The story, as told by the white business lady, is that the franchise holders of two of the foremost fast food franchise operations in Nassau (not Freeport)along with the support of Ingraham’s Freeport fishing buddy( the one who became of age and retired a couple years ago after working at the top of the Grand Bahama Port Authority Ltd for forty plus years, who is also suspected of being a minor shareholder in the said fast food chains) allegedly took Ingraham out fishing, one drunken weekend, and lobbied successfully his agreement to make the necessary changes to the tariff act to facilitate the “duty free” importation of the already mentioned items. No in-depth study; no big time plot; no cabinet discussion on the matter and no regard for the Bahamian business operators who have now already been hurt, but just use his powers given him by us voters to enrich his friends at our expense. It is further alleged that the real reason for Ingraham’s decision to remove the import restrictions, with respect to foreign chicken imports, and thus put Bahamian producers at risk of going out of business was to conclude the deal he made with those fast food tycoons on that drunken weekend fishing trip. In conclusion the story teller opined that every time Ingraham gets happy from his alleged excessive consumption of what the Indians used to call “Fire water” poor, depraved, struggling Bahamians get screwed, big time.
As minister of the country’s finances, Ingraham’s actions, in this regard, are extremely suspicious to say the least and are so very obvious a “hell of a deal” for these franchise holders.
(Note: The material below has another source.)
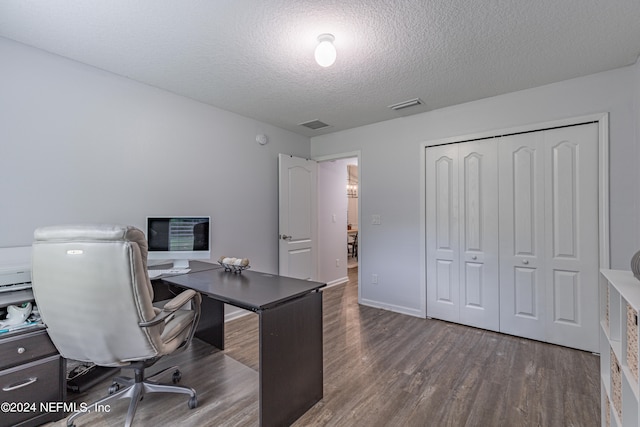 office area featuring a textured ceiling and wood-type flooring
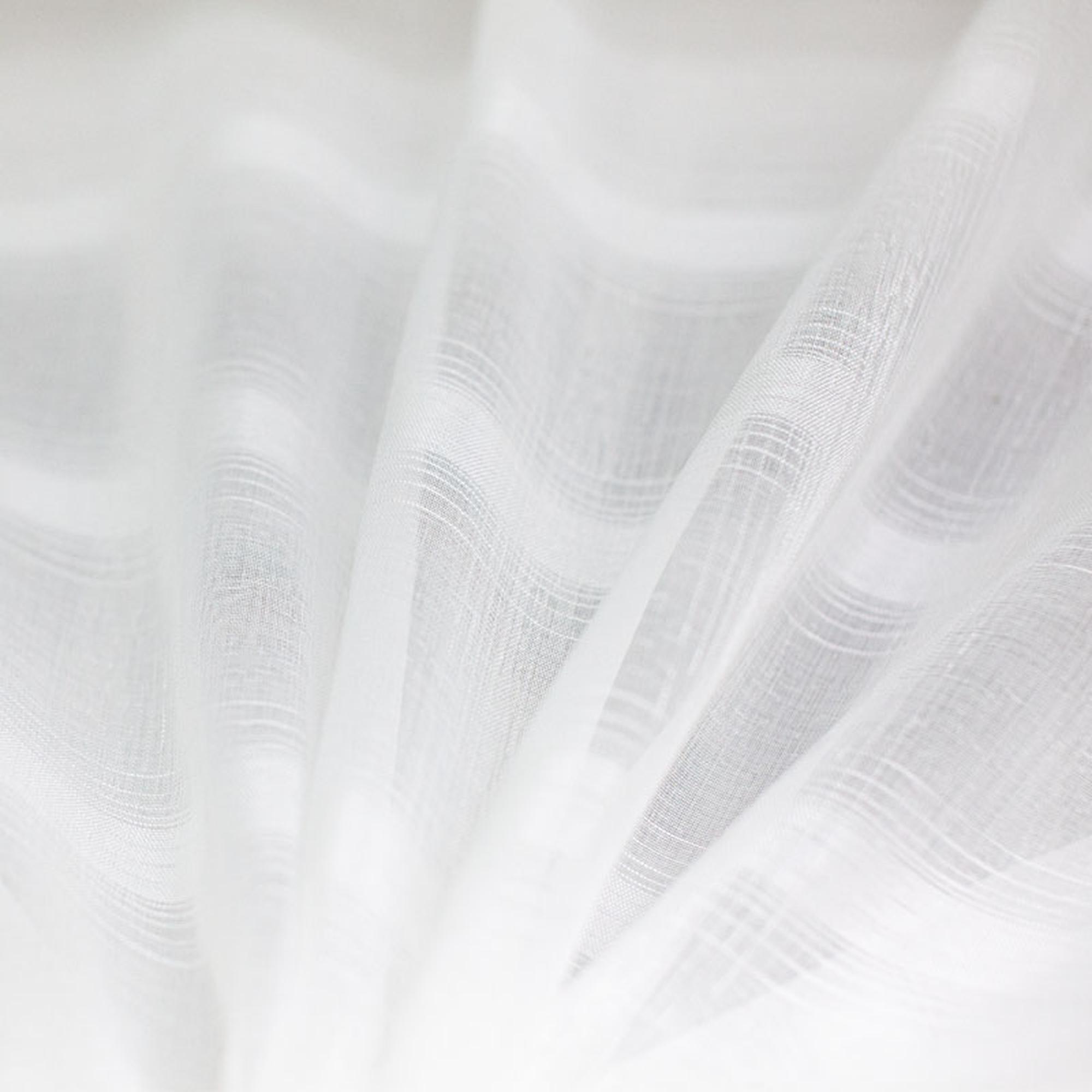 White lightweight sheer fabric with a refined texture, ideal for curtains and drapery. High-quality and stylish for any space.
Why else (logically) would he tell Bible readers and churchmen that they must pay 10% customs duties on all the Bibles and prayer books they import while telling his Bay Street masters that they can get their French fries and bread imported free of customs duties; and that they can have the import restrictions removed from foreign poultry imports? Why else would he say to the local poultry (chicken) and bread producers that from here on in (and for at least as long as he is in power which is exactly another 21 months) they would have to compete, on a level playing field, with their foreign competitors for their share of the local Bahamian market without his FNM government’s protection; all this while telling his Bay Street masters that they can import bread free of customs duties and chicken free of any and all import restrictions? Why else, I ask you? The puppet is a disgrace to his race.
It was, I believe, Mr. Etienne Dupuch, former Editor of the Nassau Daily Tribune who once said, many years ago prior to his death, that one gets the kind of government one deserves; I believe the man was right.